According to Kemnitz, nearly 40 former Shocker baseball players have gifted $10,000 or more to the project in the last three years.

“That’s not normal around the country,” Kemnitz said. “That’s the passion that our players still have for the program. We’re going to have beautiful facilities when this is finished and we’re in this new league (American Athletic Conference) that’s a great baseball league and gives us a national profile. There are a lot of things in place that make for a very bright future.”

Current WSU baseball coach Todd Butler agrees that the Phase V project could be a game changer for the program.

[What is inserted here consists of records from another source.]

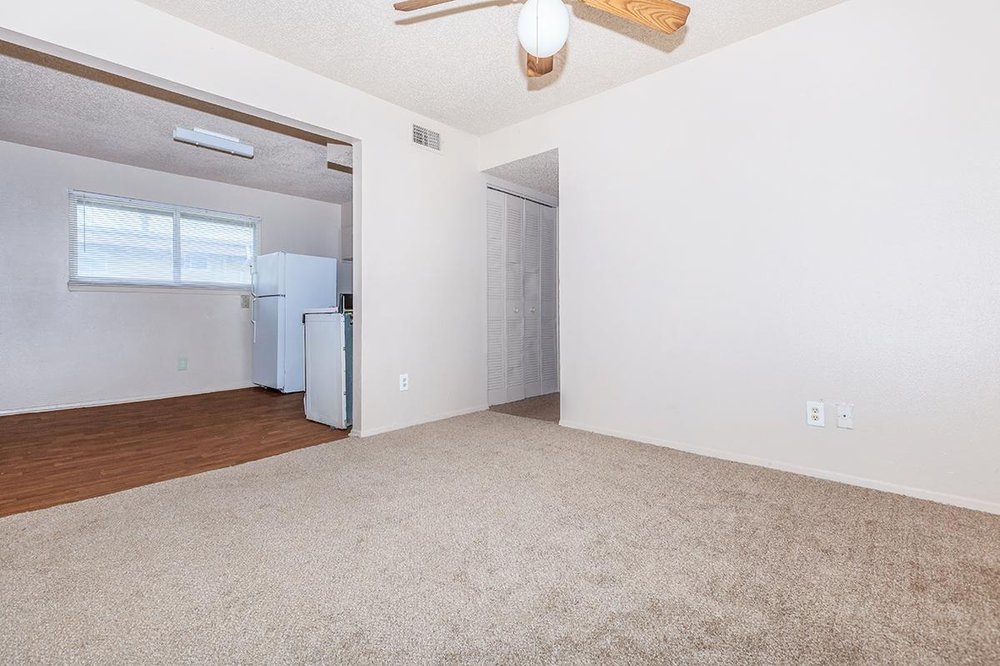 BRADFORD APARTMENTS Updated July 2024 12 Photos 550 E 32nd St N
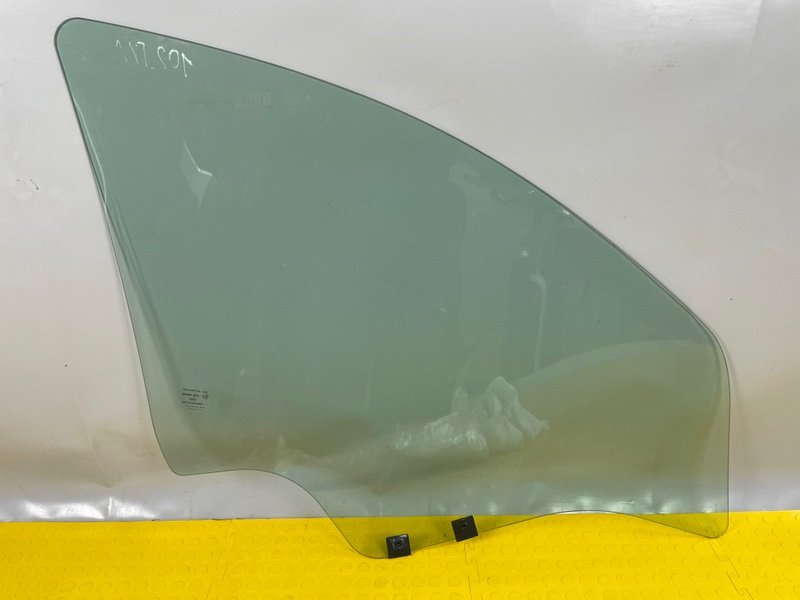 Стекло двери передней левой, 3500 рублей, Москва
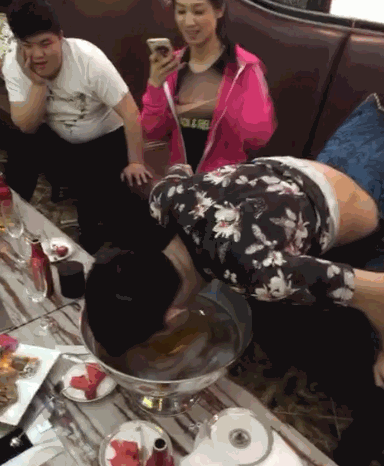 王思聪说对了?疑潘玮柏妻子夜店视频流出,和多男子玩游戏方媛也在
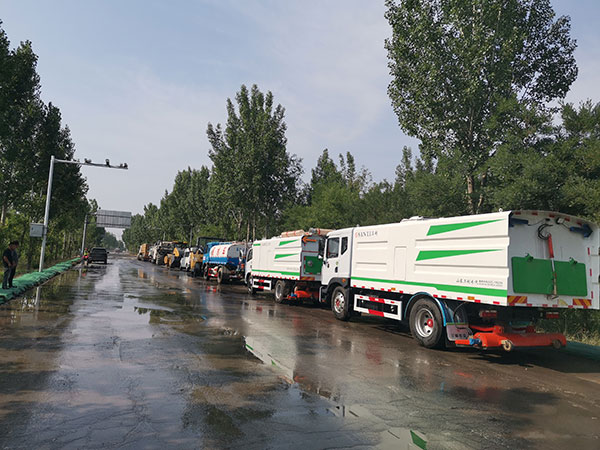 滾掃式吸塵車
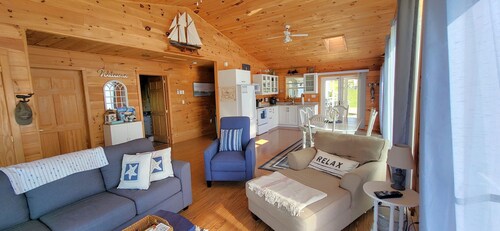 Water View Cottage With A/C In Quiet Location, Close To Amazing Beaches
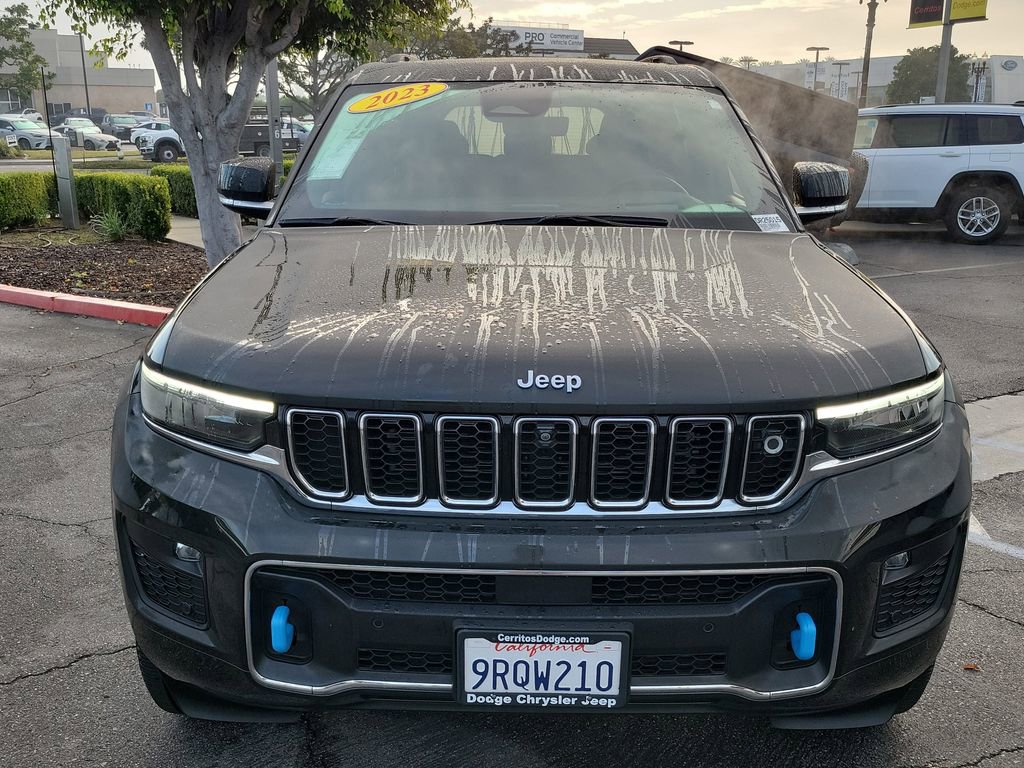 Used 2023 Jeep Grand Cherokee Overland w/ Advanced Protech Group III image 28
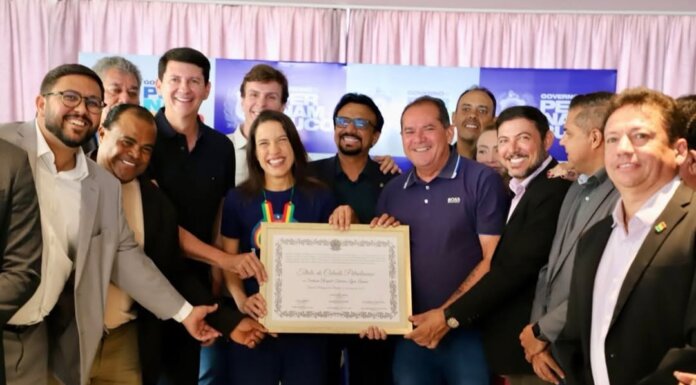 Câmara de Petrolina entrega honrarias à governadora Raquel Lyra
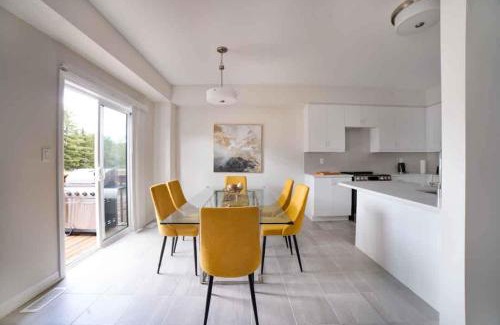Severn House | Tranquil Lakeside Townhouse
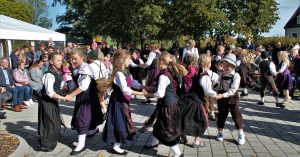 Auftritt der Kindertanzgruppe (Quelle: Gemeinde Pfofeld)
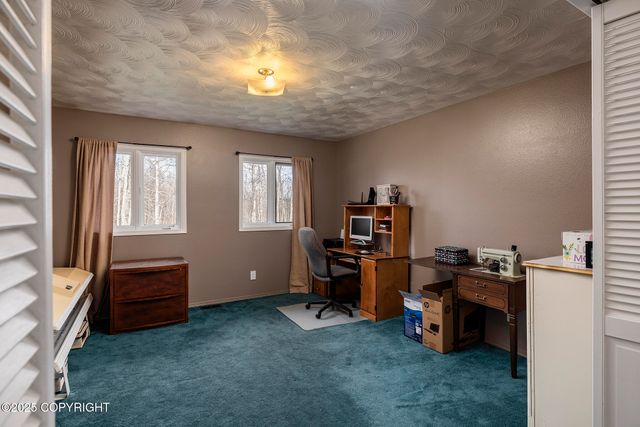 2871 E Fairview Loop, Wasilla, AK 99654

“This project has been in the process over the last 10 years, and everyone is excited for the finalization of this project,” Butler said. “With the never-ending race of facilities in college baseball, the Phase V project will generate interest in all phases of recruiting and development, including things like analytics, strength and conditioning, video and accessibility to all the resources needed in today’s game.”

The Phase V project will connect to the indoor practice facility and also to a reconstructed third-base dugout, where the Shockers will return for the first time since 1992. The strength and conditioning center will also house softball and tennis players, as well as the baseball players.

Kemnitz says the project still needs around $300,000 for purchase of weights and video equipment, but he pushed for the construction to begin so donors could see visual signs of progress.

“It’s been a little bit of a grind to get this thing going,” Kemnitz said. “People look at the stadium now and say, ‘What do you mean, this thing is already amazing?’ And it is, but this is the final piece that needs to happen. It’s been in the works for 10 years now, and it’s that missing piece to an amazing facility. We need to get this done, not only so we can use it, but also for the symbolism of, ‘Hey, we’re alive and well and moving forward and there’s excitement.’”

For Kemnitz personally, it also means a lot.

He’s been with the program when it made its seven trips to Omaha for the College World Series and won the 1989 national championship.

That’s why he makes the daily trip from his office at Koch Arena over to the construction site outside of Eck Stadium. He takes pictures and videos to send out to donors, but also for himself.

After 10 years of waiting, Phase V is nearing completion.

“I knew in my heart that this thing needed to get done,” Kemnitz said. “In my career I had opportunities to leave Wichita State. There were chances in professional baseball, there were head jobs in college I think I could have had along the way. But I never wanted to leave here because this job kept getting better and better. Wichita State has become my home, and I want it to keep getting better.”